Гляжу, девка в углу сидит. На табурете. Незнакомая мне. Сидит и глаз с меня не сводит. И улыбается вся, да так, что рот до ушей растянула! А чо лыбится?.. А она глаз не оторвет. Вниз смотрит. И красная вся. Щеки прям огнем горят у нее! А куда смотрит? Опустил и я глаза. Ох, я же голый! Вот срамота! И прикрыться ведь нечем! Некультурно совсем выходит. Да еще и при девушке то…
Ладошками прикрылся как смог. Так и стою. Дык, оно-же не помещается в ладошки-то! А она смотрит. Ну чо делать… – Здрасьте! – говорю. Вот! Спохватилась, выбежала из комнаты и вернулась сразу. Штаны мне принесла. Сама дала, а сама опять смотрит! Ну чо, спрашивается, туда смотреть-то? Чего там такого, особенного?! Все, как и у всех там! А она смотрит… А глазища-то у нее красивые! Черные! И сама чернобровая, румяная, да дородная! Все при ней и даже выпирает. Ух какая! Натянул я штаны свои. Гляжу, залатанные, чистые! Поблагодарил ее. – Спасибо тебе, хозяюшка! – говорю. Она и расцвела совсем. За руку меня хвать! И в другу комнату. А там уже и стол накрыт. Батюшки! Та много всего на столе! И соленья всякие, и копченья, и мясо, и птица и рыба даже имеется! И горячее видать все. Парует, да пахнет! Прям под ложечкой у меня засосало, да заныло… Ох! Усадила она меня за стол. Тарелочку поддвинула. Мясо положила, огурчики малахольные. – Папанька сказал, кушать тебе хорошо надо! – она мне говорит. – Маманька все и наготовила. Ты кушай! – а сама улыбается. Ну я и накинулся! С самого утра ведь не жрамши. Ем, и ем. И то ем, и – се. И все мне вкусно! Хорошо-то как… Стоп, думаю: – А папанька твой где?
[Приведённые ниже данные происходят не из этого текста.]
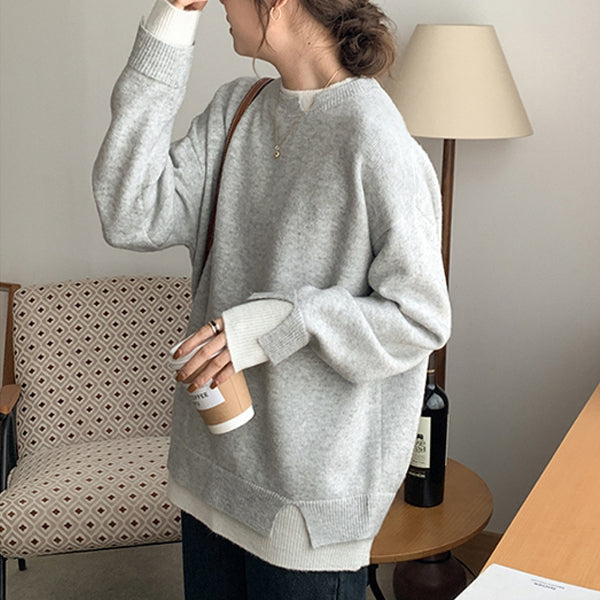 Grey and white oversized sweater with long sleeves and cut-out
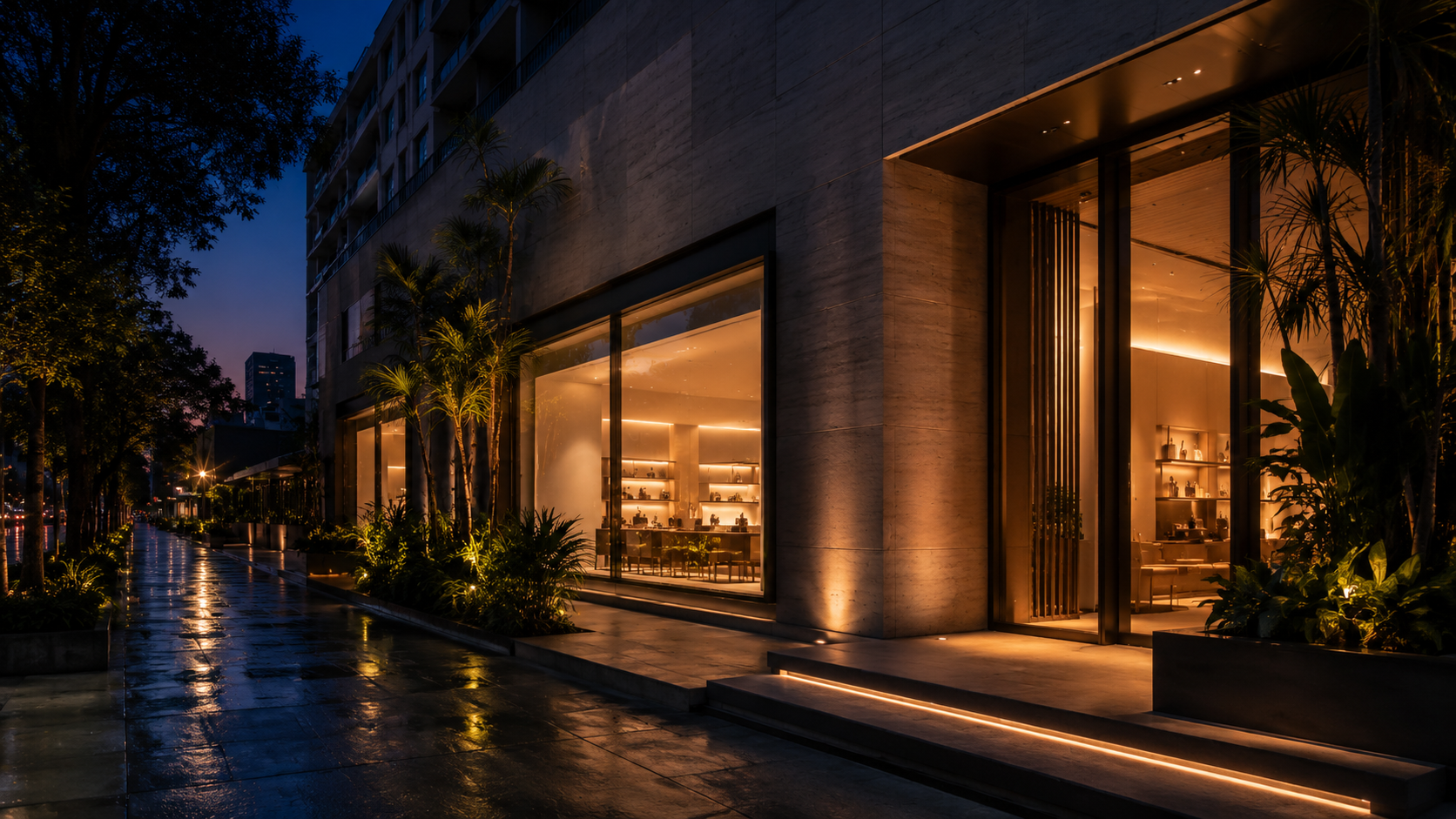 Fachada comercial iluminada à noite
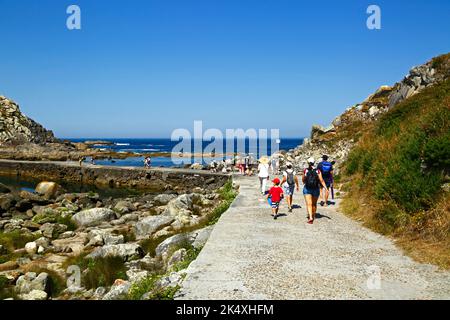 Touristen, die entlang des Damm über die Gezeitenlagune von Illa de Monteagudo nach Illa de Faro / Montefaro, Cies-Inseln, Galizien, Spanien, wandern. Stockfoto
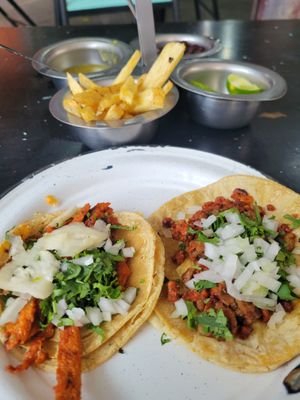 Tacos (tons of meats to choose from, and they come with your choice of toppings) at Por Siempre Vegana Vol II in Mexico City
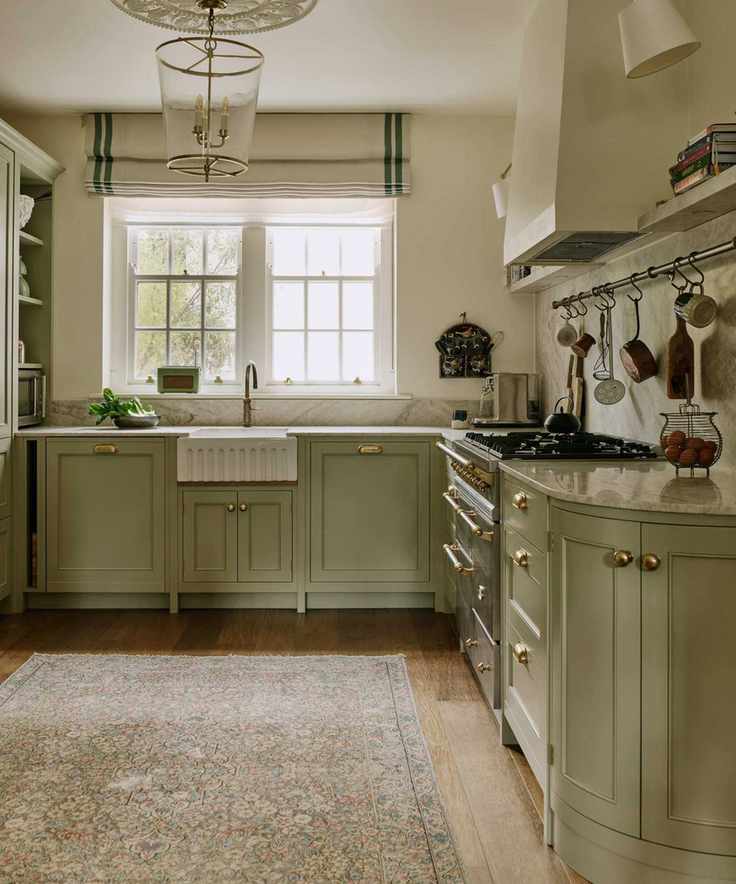 a traditional shaker kitchen in a london home painted in a soft green hue with a fluted sink, vintage rug, plaster cooker hood and rangecooker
– В больницу. – говорит. – В город поехали с маманькой!
– А чего в больницу?
– Так ты-ж ему в лоб дал, так глаза у него в кучу и сбежалися, а назад – никак!
Ох, как мне не хорошо сделалось… Это же видать тот самый мужичок, что с вилами был! Видать совсем плохо дело у его с башкой-то, что глаза взад не разбегаются… Сижу, поник совсем. Даже кусок в горле застрял… А она мне: – Да ты не переживай так! Папанька сказал, что, то его вина! Он сам виноват, что вилами тебя, да не разобравшись! Шибко ты на зверя лесного похож… – сказала и снова зацвела цветом красным. А потом глаза подняла, да прямо мне: – А еще знаю, что ты Терентий! Живешь у того «Вия»! А еще, нравишься ты мне очень! – а сама, графин стеклянный из шкафчика потянула, и прозрачного мне в стакан налила. И себе. Водку налила! – Пей, пей! – говорит. – Для здоровья надобно! – И сама смотрит так. – Иль не дорос еще? Боишься водку пить, а?!